Hu Yoshida

Enterprise Storage Arrays and NVMe

Blog Post created by Hu Yoshida Employee on Aug 29, 2018

The hot topic in storage today is NVMe, an open standards protocol for digital communications between servers and non-volatile memory storage. It replaces the SCSI protocol that was designed and implemented for mechanical hard drives which processed one command at a time. NVMe was designed for flash and other non-volatile storage devices that may be in our future. The command set is leaner, and it supports a nearly unlimited queue depth that takes advantage of the parallel nature of flash drives (a max 64K queue depth for up to 64K separate queues). The NVMe protocol is designed to transport signals over a PCIe bus and removes the need for an I/O controller between the server CPU and the flash drives.

 

PCIe (Peripheral Component Interconnect Express) is a standard type of connection for internal devices in a computer. NVMe SSD devices connected to PCIe has been available in PCs for some time. Hitachi Vantara has implemented NVMe on our hyperconverged, Unified Compute Platform (UCP HC), where internal NVMe flash drives are connected directly to the servers through PCIe. The benefit of this is having a software-defined storage element and virtual server hypervisor on the same system where you can access NVMe at high speed.  It makes sense to us to first bring the performance advantages of NVMe to commodity storage like our UCP HC because improvements will be greater for our customers. There are considerations though: since there is not a separate storage controller, data services will have to be done by the host CPU which adds overhead. If a VM has to access another node to find data, you lose time. For smaller data sets this isn't an issue, but as the workload increases, this negates some of the performance advantages of NVMe. However, you are still ahead of the game compared to SCSI devices and UCP HC with NVMe is a great option for hyperconverged infrastructure workloads.

 

NVMe is definitely the future, but the storage industry is not quite there yet with products that can fully take advantage of the technology. PCIe has not broken out of the individual computer enclosure to function as a high-speed, wide bandwidth, scalable serial interconnect of several meters in length between control platforms and I/O, data storage or other boxes within an I/O rack. Here are the current proposals for NVMe transport:

NVME Transport.png

Clearly this is an evolving area and most storage solutions that are available with NVMe today use PCIe for the back-end transport.  NVMe SSDs plug into a PCIe backplane or switch which plugs directly into the PCI root complex. However, PCIe has limited scalability.  There’s a relatively low number of flash devices that can reside on the bus.  This is okay for hyperconverged storage but it’s not what most customers are used to dealing with in All Flash Arrays. Scalable enterprise NVMe storage arrays will likely require a fabric on the backend.

 

What one would like is an NVMe, All Flash Array, with an enterprise controller for data services and shared connectivity over a high-speed fabric. The backend Flash devices could connect to the controller or data services engine over an internal  NVMe-oF, which would in turn connect to a host system using an external NVMe-oF using FC or RDMA. Since PCIe connections are limited in distance and do not handle switching, a fabric layer is required for host connectivity to external storage systems. While NVMe standards are available, both FC-NVMe and NMVe-oF are still works in progress since Rev1 of the NVMe-oF standards was published in June of 2016 by the NVM Express organization, and Rev 1 of the FC-NVMe standard was just released last summer by the T11 committee of INCITs. Only a few proprietary implementations are available today. Several of our competitors have announced AFAs that they claim to be NVMe “fabric ready”.  In fact, they are promoting features that have not been tested for performance, resiliency or scalability and are based on incomplete standards that are still evolving.  Implementing based on these promises can add a huge risk to your installation and tie you to a platform that may never deliver up to the hype.

 

Here is where I believe we are in the NVMe introduction of enterprise storage arrays.

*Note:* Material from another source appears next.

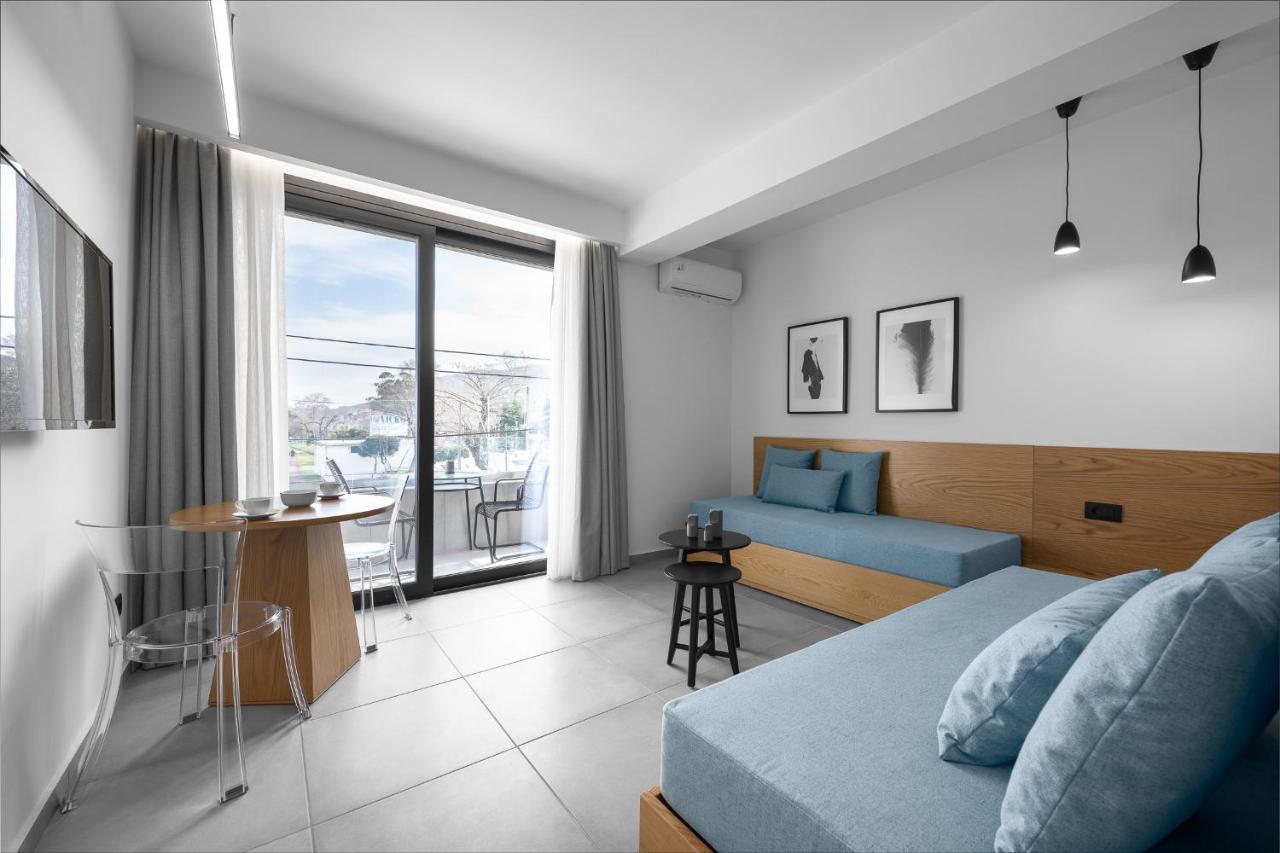 Rothos Luxury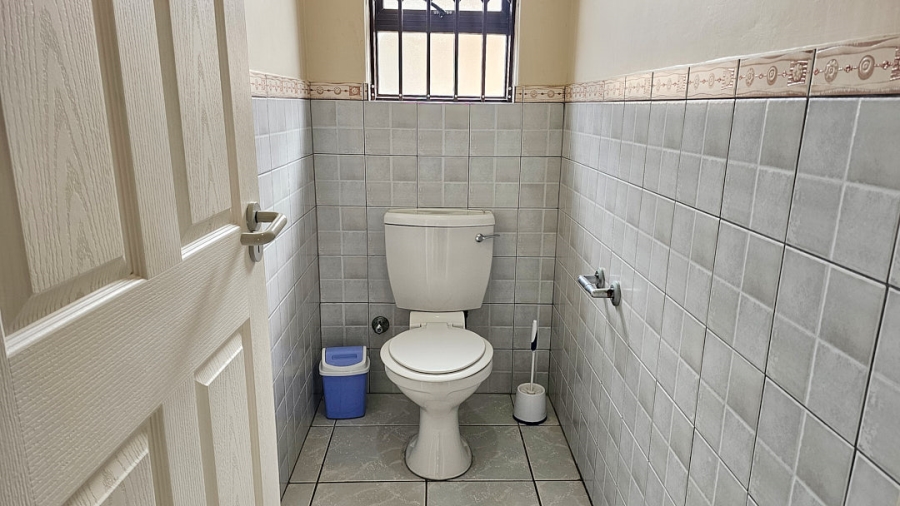 3 Bedroom Property for Sale in Uvongo KwaZulu-Natal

Enterprise NVME Arrays.png

NVMe-oF is needed to scale the connectivity and speed up the transmission of data between an NVMe SSD device and controller and FC-NVMe or NVMe-oF can do the same between the controller and a fabric connected host. However, there is a lot that goes on in the SSD device, the controller, the fabric, and the host that can affect the overall throughput. In fact, the congestion caused by the higher speeds of NVMe and the higher queue depths can negate the transmission speeds unless the entire system is designed for NVMe.

 

On the backend, flash drives require a lot of software and a lot of processing power for mapping pages to blocks, wear leveling, extended ECC, data refresh, housekeeping, and other management tasks which can limit performance, degrade durability, and limit the capacity of the flash device. The higher I/O rates of NVMe could create bottlenecks in these software functions, especially on writes. While Hitachi Vantara Flash storage systems can use standard SAS SSDs, we also provide our own flash modules, the FMD, FMD DC2 (with inline compression), and the FMD HD for high capacity (14TB) to improve the performance, durability and capacity of NAND devices. In order to support these processing requirements, the FMDs from Hitachi Vantara are built with a quad core multiprocessor, with 8 lanes of PCIe on the FMD PCBA and integrated flash controller logic, which supports 32 paths to the flash array. Having direct access to the engineering resources of Hitachi Ltd., Hitachi Vantara is able to deliver patented new technology in our FMDs, which sets it apart from competitive flash vendors. As the NVMe rollout progresses, expect to see other vendors trying to catch up with us by putting more processing power into their flash modules.  This advantage that Hitachi has from our years of flash hardware engineering efforts is one of the reasons why we aren’t rushing NVMe into our Virtual Storage Platform (VSP) all-flash arrays.  Our customers are already seeing best-in-class performance levels today.

 

One of the biggest reasons for a controller or data services engine is to be able to have a pool of storage that can be shared over a fabric by multiple hosts. This enables hosts and storage to be scaled separately for operational simplicity, storage efficiency and lower costs. Controllers also offload a lot of enterprise functions that are needed for availability, disaster recovery, clones, copies, dedupe, compression, etc. Because of their central role, controllers have to be designed for high availability and scalability to avoid being the bottleneck in the system. Dedupe and Compression are key requirements for reducing the cost of flash and are done in the controller if both are required (note that compression is done in the FMD when they are installed but in the controllers for SSDs). The new controllers for an NVMe controller must support all these functions while talking NVMe to the backend flash devices and FC-NVMe or NVMe-oF across the fabric to the multiple hosts. Here again, the increase in workloads due to NVMe could create bottlenecks in the controller functions unless it’s been designed to handle it.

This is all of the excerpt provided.